Они тут же принялись спорить, словно считали коз на рынке.
– Двенадцать тысяч турок, – решили они наконец.
Центральные отряды сверкали бронзой и сталью, над ними развевались на ветру зеленые знамена великого Порте. Кавалерийские эскадроны выдвинулись и построились в фалангу, готовые броситься в атаку.
– А Масакара? – спросил принц. – Их сколько?
Масакара стояли на правом фланге: огромная толпа на верблюдах, беспокойная, как стая скворцов.

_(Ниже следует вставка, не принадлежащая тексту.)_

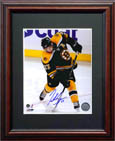 Patrice Bergeron Autograph Sports Memorabilia from Sports Memorabilia On Main Street, sportsonmainstreet.com, Click Image for more info!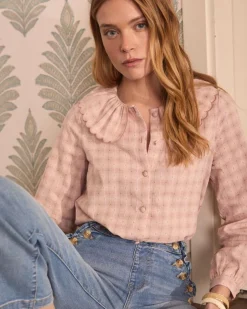 Blusa Estampada Madeleine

– Шесть или семь тысяч, – ответил шейх Харасиса.
– Да, не меньше, – согласился другой. – А может, и больше.
Аль-Малик посмотрел на другой вражеский фланг, где черные одежды и головные шарфы отмечали воинов Бани-бу-Хасана и Харта. Численность этих волков пустыни была не меньше, чем воинов Масакара.
Аль-Малик снова ощутил в горле горечь разочарования. Их превосходили почти вдвое.
Аль-Салил потерпел неудачу в попытке привести к нему северные племена: аль-Малик ничего о нем не слышал с тех пор, как его названый сын ушел в пустыню два месяца назад. Принц понимал ошибку: не следовало посылать к ним аль-Салила. Каждый день он со страхом ждал посылки от Масакара – они могли прислать ему отсеченную голову его рыжеволосого сына в кожаном мешке. И хотя мрачный трофей не прибыл, доказательство неудачи аль-Салила принц видел перед собой на равнине: почти пятнадцать тысяч копий стояли против него.
В центре, в рядах турок, вдруг началась какая-то суета. Вперед вырвались гонцы от штаба Оттомана, загудели трубы, отдавая приказ о выступлении. Турецкая кавалерия двинулась вперед, ряд за рядом, отражая доспехами солнечный свет, но арабские отряды на флангах оставались на местах, из-за чего по бокам образовались разрывы. Происходило нечто странное и необычное, и принц через подзорную трубу наблюдал за всем этим с острым, напряженным интересом.
В рядах противника снова поднялась суматоха: на этот раз командиры из центра помчались на фланги, размахивая руками, явно понуждая арабских союзников присоединиться к общему наступлению и закрыть опасные бреши впереди.